Output of vgg16 layer doesn't make sense-CodePudding

I have a vgg16 network without the last max pooling, fully connected and softmax layers. The network summary says that the last layer's output is going to have a size of (batchsize, 512, 14, 14). Putting an image into the network gives me an output of (batchsize, 512, 15, 15). How do I fix this?

import torch
import torch.nn as nn
from torchsummary import summary

vgg16 = torch.hub.load('pytorch/vision:v0.10.0', 'vgg16', pretrained=True)
vgg16withoutLastFewLayers = nn.Sequential(*list(vgg16.children())[:-2][0][0:30]).cuda()

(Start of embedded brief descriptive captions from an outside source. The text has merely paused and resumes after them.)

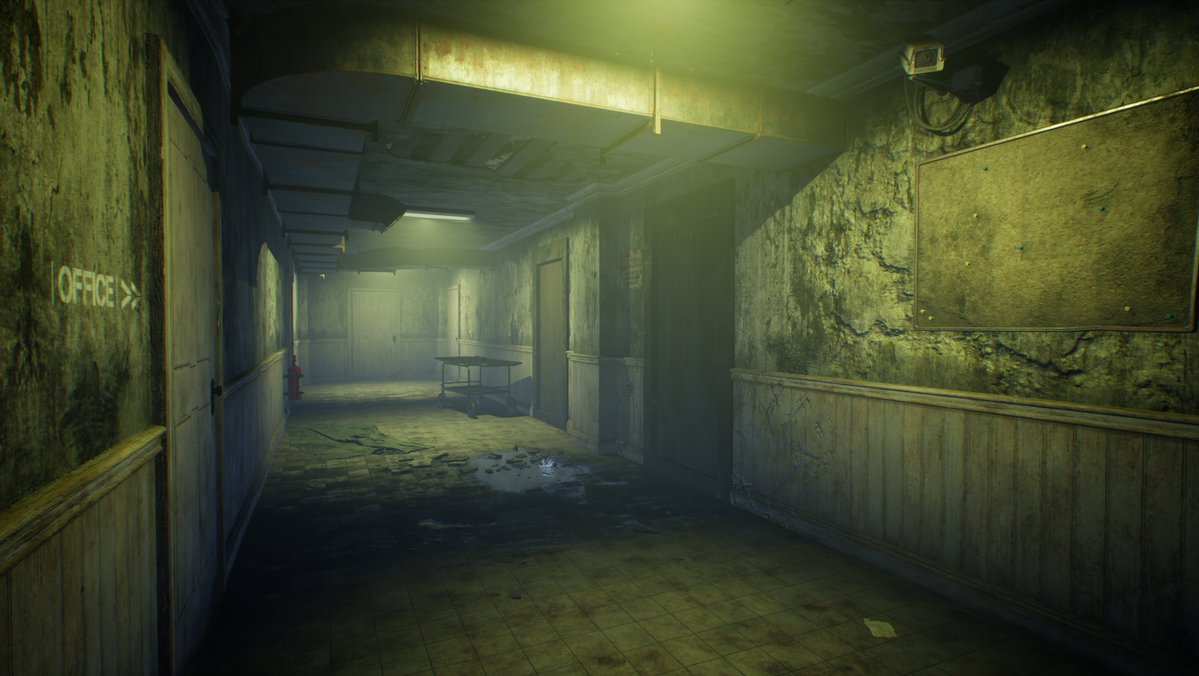 Dark_Fracture's tweet image. Dark Fracture is set in a forested region of the Northeastern USA in the late '90s, where you'll explore a mysterious body farm - a facility dedicated to decomposition research.
What darkness lurks beneath the surface? Only you can uncover the truth.
#horrorgame #indiegame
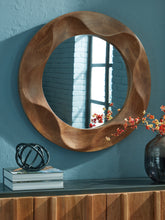 Prime Furniture - Ashley Furniture - Aajon Mirror - Accent Mirror / Brown - A8010427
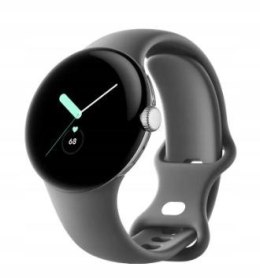 Smartwatch GOOGLE Pixel Watch 41mm WIFI Fitbit Srebrny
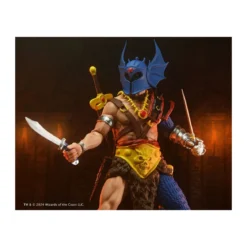 Neca - AD&D - 50th Anniversary Warduke on Blister Card - Dungeons & Dragons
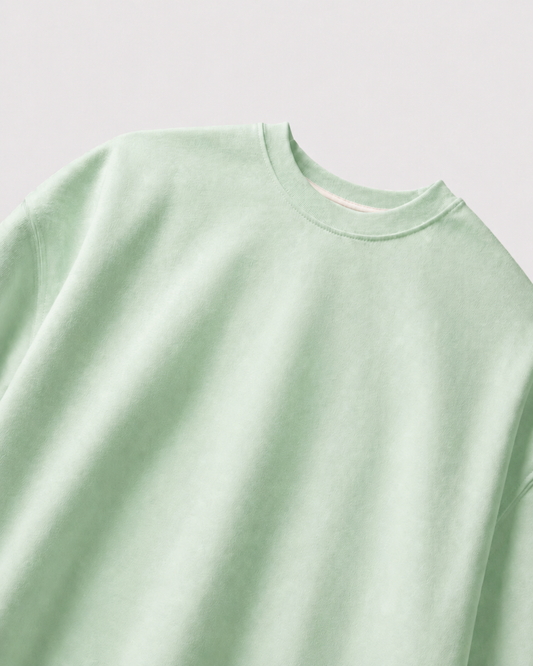 Sea Foam Green Solid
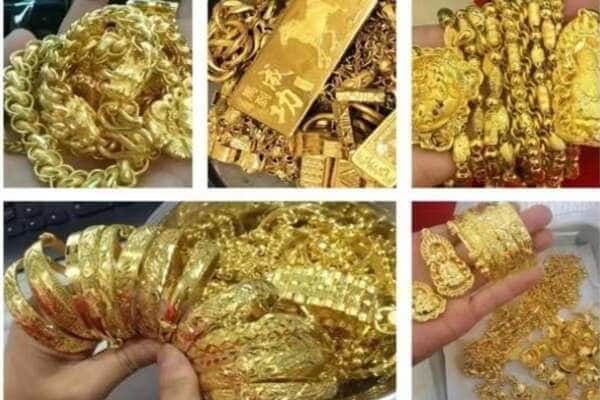 南京六合区回收黄金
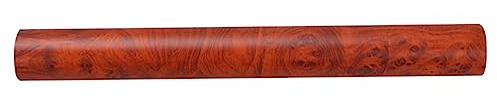 Hemobllo Autocollant Intérieur De Voiture 120x30cm Autocollant De Modification De Couverture Grain Décorce De Pêche Brillant pour Tableau De Bord Automatique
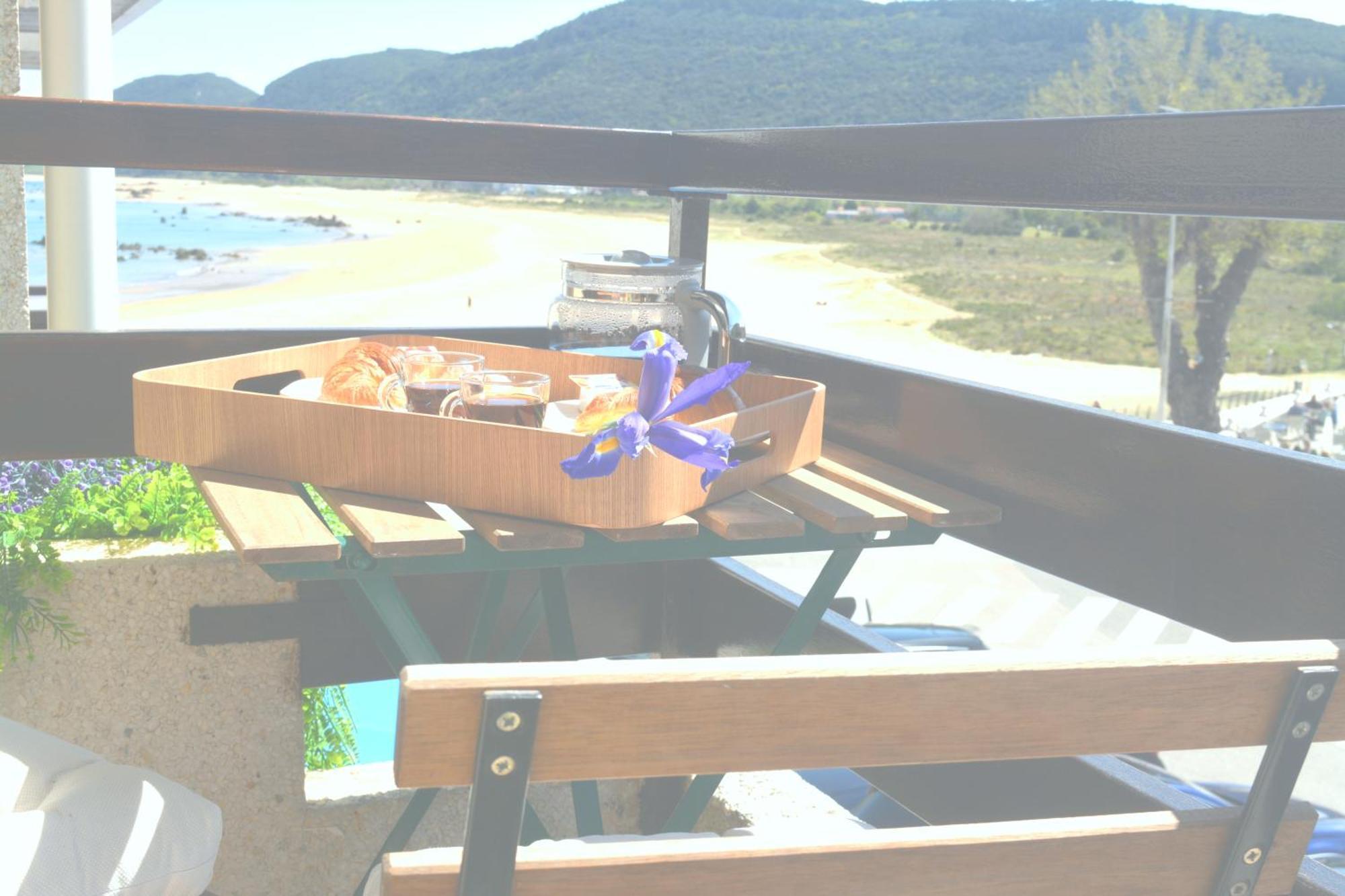 Apartamentos Noja Playa Exteriör bild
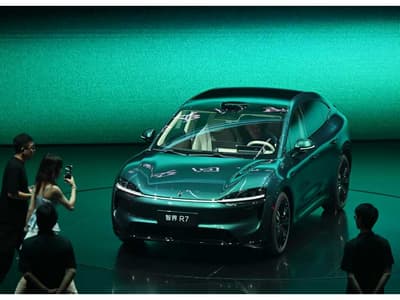 Chinese EV Car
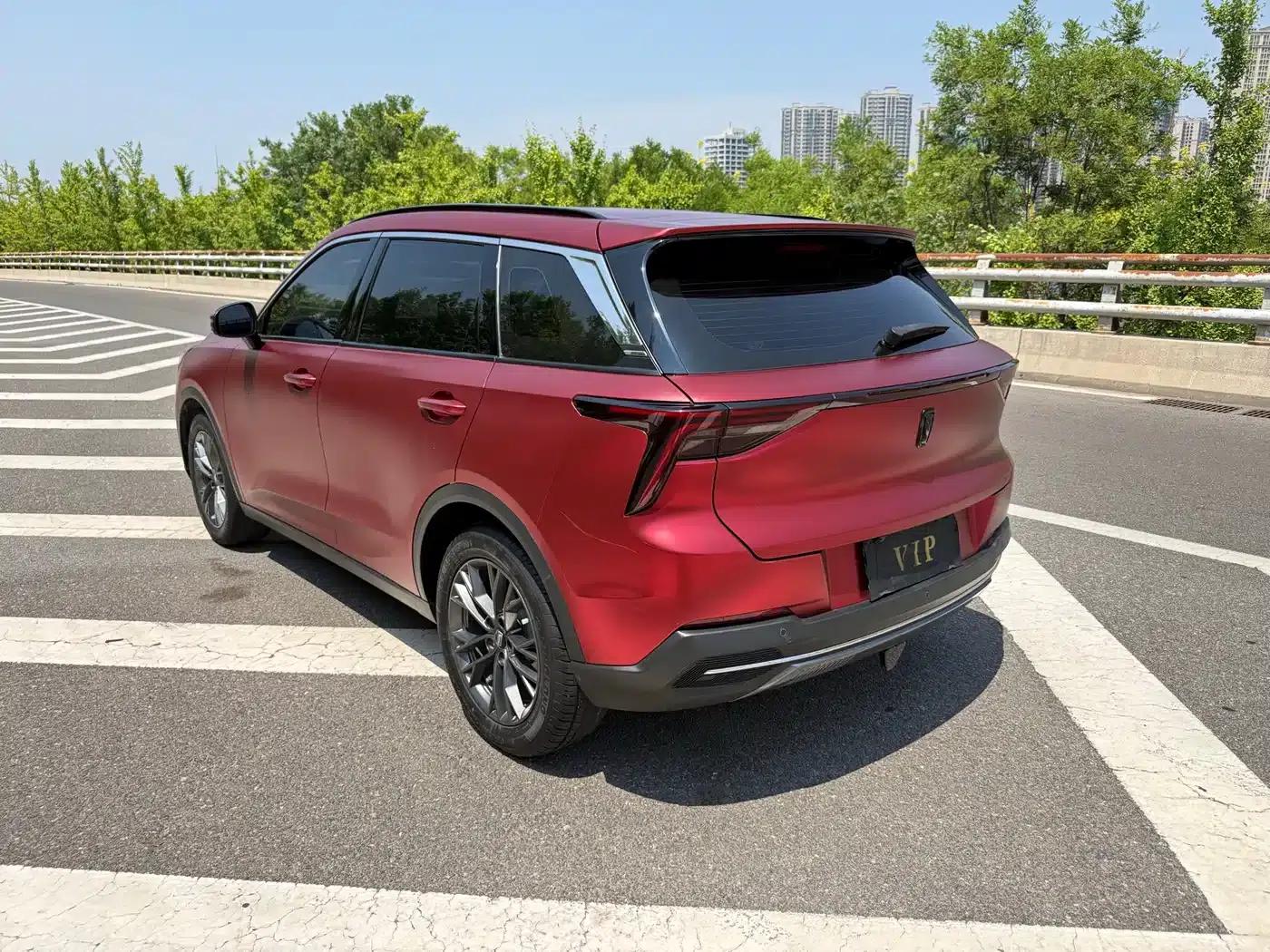 Bestune T55 2023 1.5T Automatic Leap Forward Edition — миниатюра 7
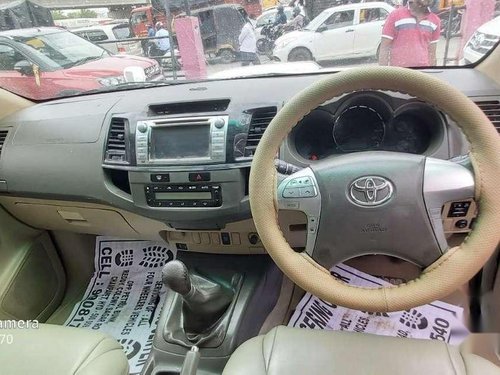 Used 2013 Toyota Fortuner MT for sale in Hyderabad 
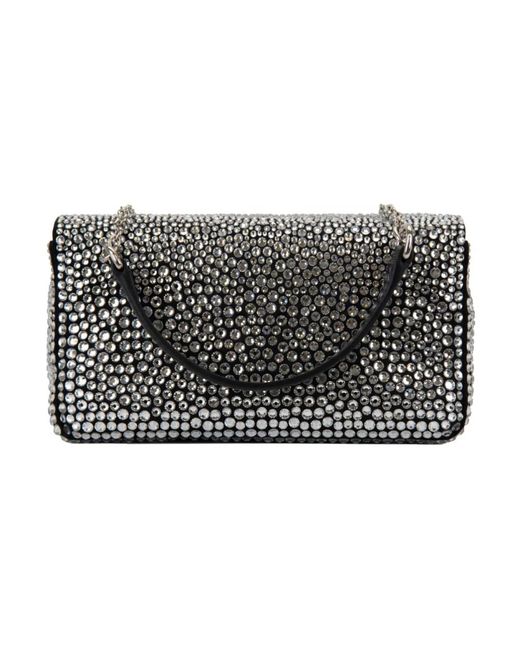Miu Miu Gray Cross Body Bags
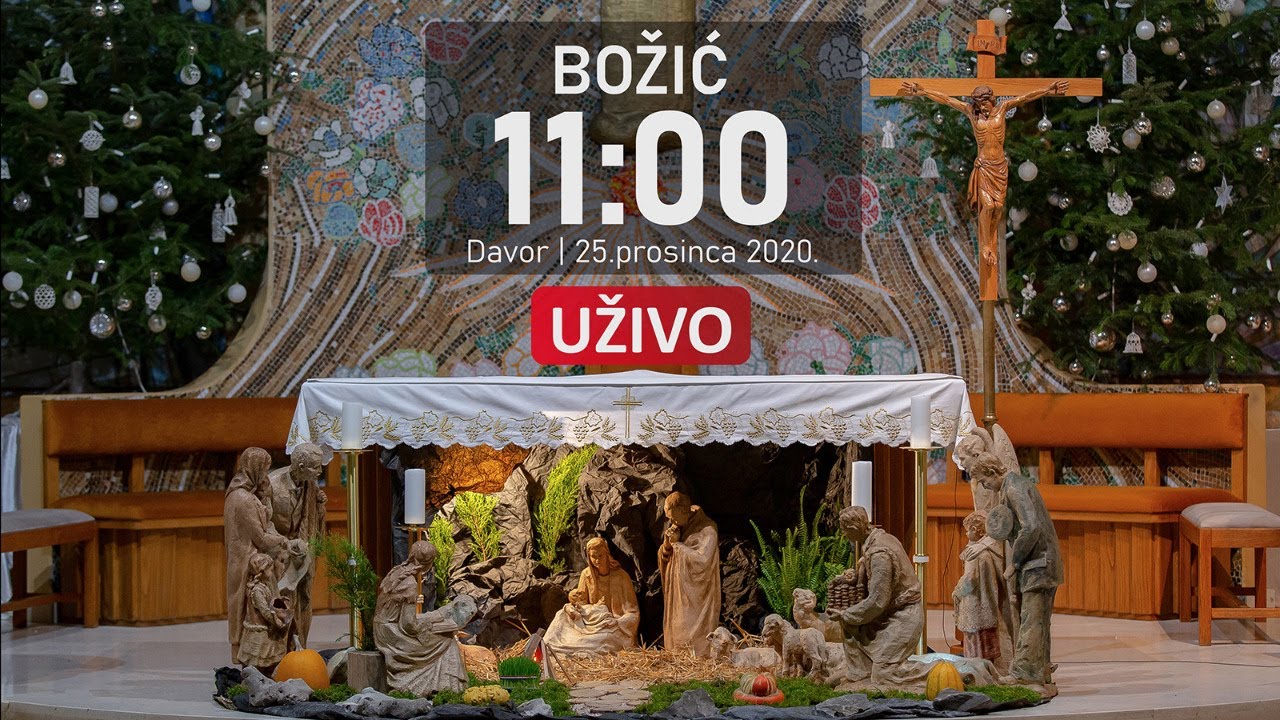 Božić - Davor 25. prosinca 2020. (UŽIVO)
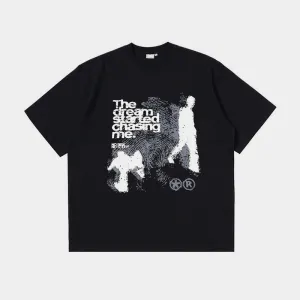 Fearless Steps | Statement Streetwear Tee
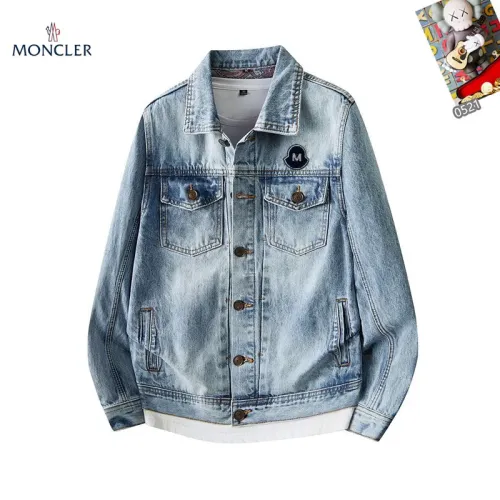 Moncler Jackets Long Sleeved For Men #1437772 $60.00 USD, Wholesale Replica Moncler Jackets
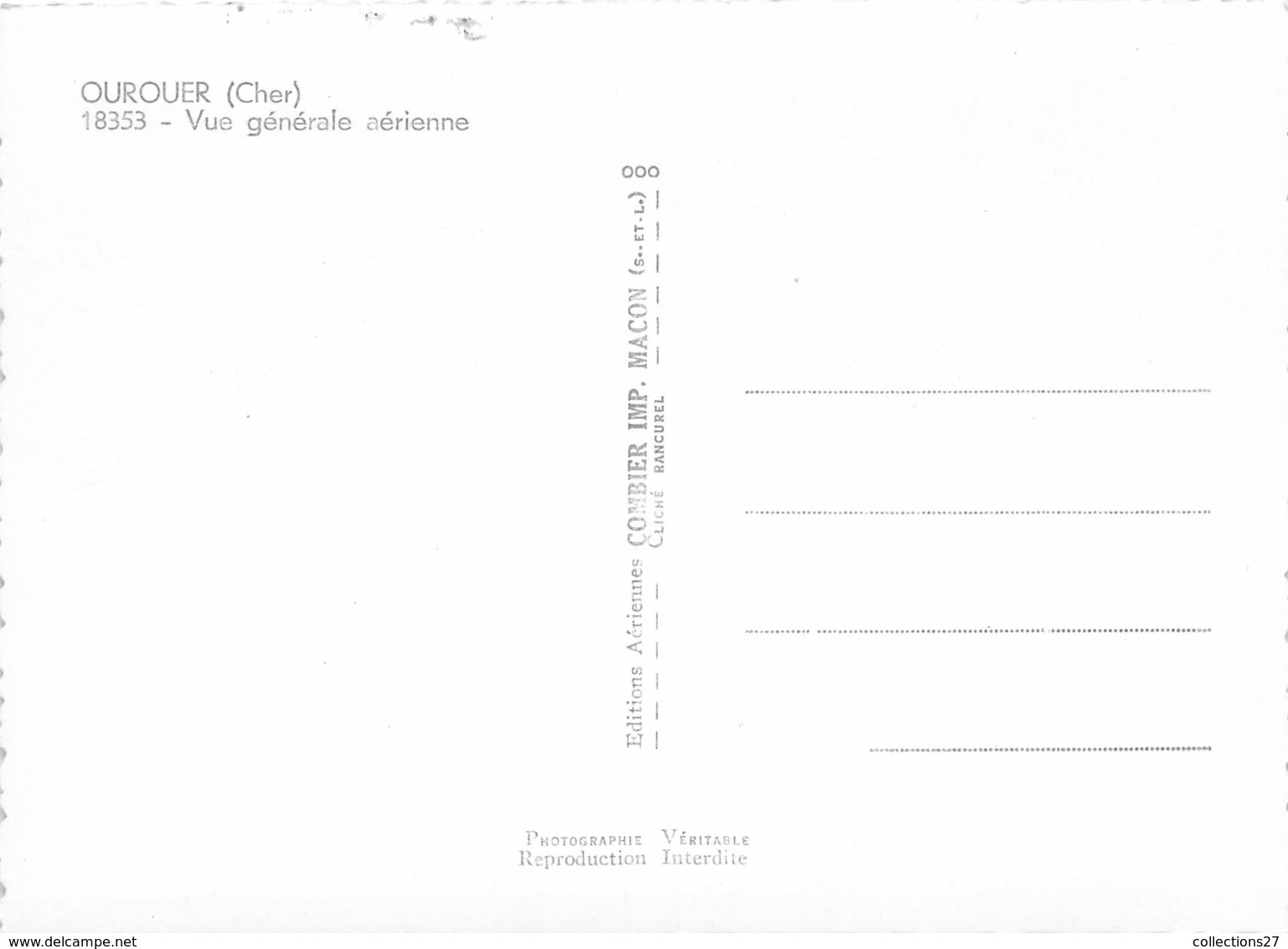 18-OUROUER- VUE GENERALE AERIENNE - Otros & Sin Clasificación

image = torch.zeros((1,3,244,244)).cuda()
output = vgg16withoutLastFewLayers(image)

summary(vgg16withoutLastFewLayers, (3,224,224))
print(output.shape)

----------------------------------------------------------------
        Layer (type)               Output Shape         Param #
================================================================
            Conv2d-1         [-1, 64, 224, 224]           1,792
              ReLU-2         [-1, 64, 224, 224]               0
            Conv2d-3         [-1, 64, 224, 224]          36,928
              ReLU-4         [-1, 64, 224, 224]               0
         MaxPool2d-5         [-1, 64, 112, 112]               0
            Conv2d-6        [-1, 128, 112, 112]          73,856
              ReLU-7        [-1, 128, 112, 112]               0
            Conv2d-8        [-1, 128, 112, 112]         147,584
              ReLU-9        [-1, 128, 112, 112]               0
        MaxPool2d-10          [-1, 128, 56, 56]               0
           Conv2d-11          [-1, 256, 56, 56]         295,168
             ReLU-12          [-1, 256, 56, 56]               0
           Conv2d-13          [-1, 256, 56, 56]         590,080
             ReLU-14          [-1, 256, 56, 56]               0
           Conv2d-15          [-1, 256, 56, 56]         590,080
             ReLU-16          [-1, 256, 56, 56]               0
        MaxPool2d-17          [-1, 256, 28, 28]               0
           Conv2d-18          [-1, 512, 28, 28]       1,180,160
             ReLU-19          [-1, 512, 28, 28]               0
           Conv2d-20          [-1, 512, 28, 28]       2,359,808
             ReLU-21          [-1, 512, 28, 28]               0
           Conv2d-22          [-1, 512, 28, 28]       2,359,808
             ReLU-23          [-1, 512, 28, 28]               0
        MaxPool2d-24          [-1, 512, 14, 14]               0
           Conv2d-25          [-1, 512, 14, 14]       2,359,808
             ReLU-26          [-1, 512, 14, 14]               0
           Conv2d-27          [-1, 512, 14, 14]       2,359,808
             ReLU-28          [-1, 512, 14, 14]               0
           Conv2d-29          [-1, 512, 14, 14]       2,359,808
             ReLU-30          [-1, 512, 14, 14]               0
================================================================
torch.Size([1, 512, 15, 15])

CodePudding user response：

The output shape should be [512, 14, 14], assuming that the input image is [3, 224, 224]. Your input image size is [3, 244, 244]. For example,

image = torch.zeros((1,3,224,224))
# torch.Size([1, 512, 14, 14])
output = vgg16withoutLastFewLayers(image)

Therefore, by increasing the image size, the spatial size [W, H] of your output tensor also increases.

CodePudding user response：

Your input shapes are not the same size...

image = torch.zeros((1,3,244,244)).cuda()
output = vgg16withoutLastFewLayers(image)

summary(vgg16withoutLastFewLayers, (3,224,224))
print(output.shape)

Difference: 244 vs 224.

Because those VGG layers are only convolutional layers, when you increase the size of the input image, the output will also be increased in size. This would cause issues if there was a classification head (with no global pooling, etc) was applied directly on top of this as they have fixed-size inputs. You're not doing this, but it's something to keep in mind.